Since 1 July, Australian consumers have had greater certainty about the origins of the food they buy, due to the introduction of mandatory Country of Origin food labelling. The ACCC is now conducting market surveillance checks on 10,000 food products to ensure businesses are correctly displaying the new labels.
All businesses—including manufacturers, processors and importers that offer food for retail sale in Australia—need to comply with the Country of Origin Food Labelling Information Standard, which specifies how claims can be made about the origin of food products.
The new requirements apply to most food offered for retail sale in Australia, including food sold in stores or markets, online or from a vending machine. It does, however, exclude food sold in restaurants, cafes, take-away shops or schools.
“Consumers should look out for the new labels if they want to find out where their food is grown, produced, made or packed, so they can make an informed decision about the food they buy,” ACCC Deputy Chair Mick Keogh says.
“We’ve been providing guidance for businesses over the past two years about the new food labelling system, including how to apply and interpret the standard. We are now entering the compliance phase, where we are making sure businesses are presenting accurate information about country of origin to their customers.”
The ACCC’s market surveillance aims to identify businesses that may not be complying with the food labelling laws.
“We have people on the ground to carry out these inspections and will initially focus on fresh or short shelf products sold by supermarkets, both large and small. We will raise concerns with businesses where we believe there is an issue with country of origin labelling.
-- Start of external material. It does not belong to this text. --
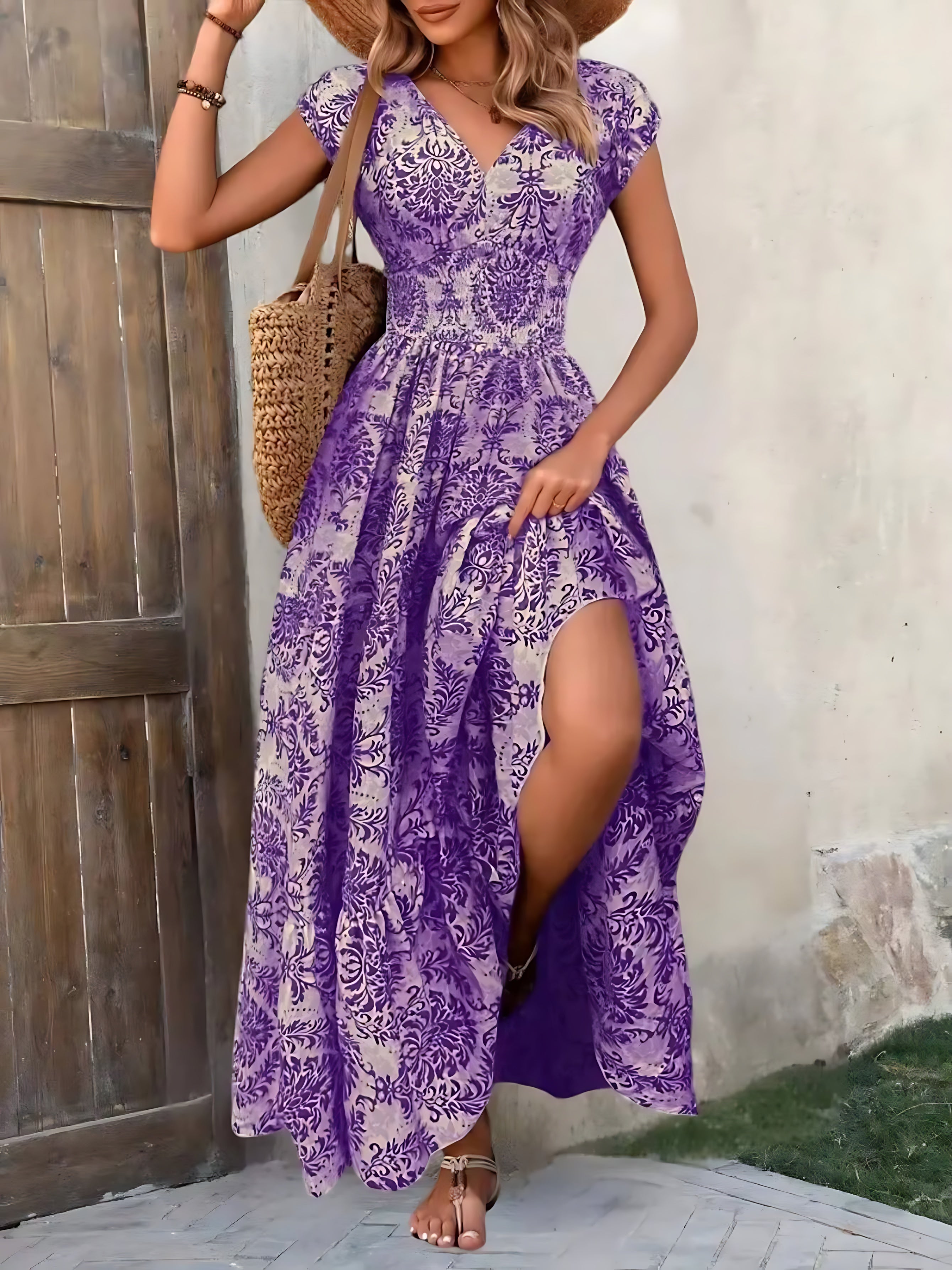 Selena – Boho Print Smocked Tiered Maxi Dress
As always, we are able to escalate cases which warrant stronger action,” Mick says.
“Some consumers are willing to pay extra for products grown, produced or made in Australia, and producers and importers should be aware that any claim which is likely to mislead consumers will also be a breach of the law. We just want to ensure that consumers can make informed choices and businesses have a level playing field to compete fairly in relation to these claims.”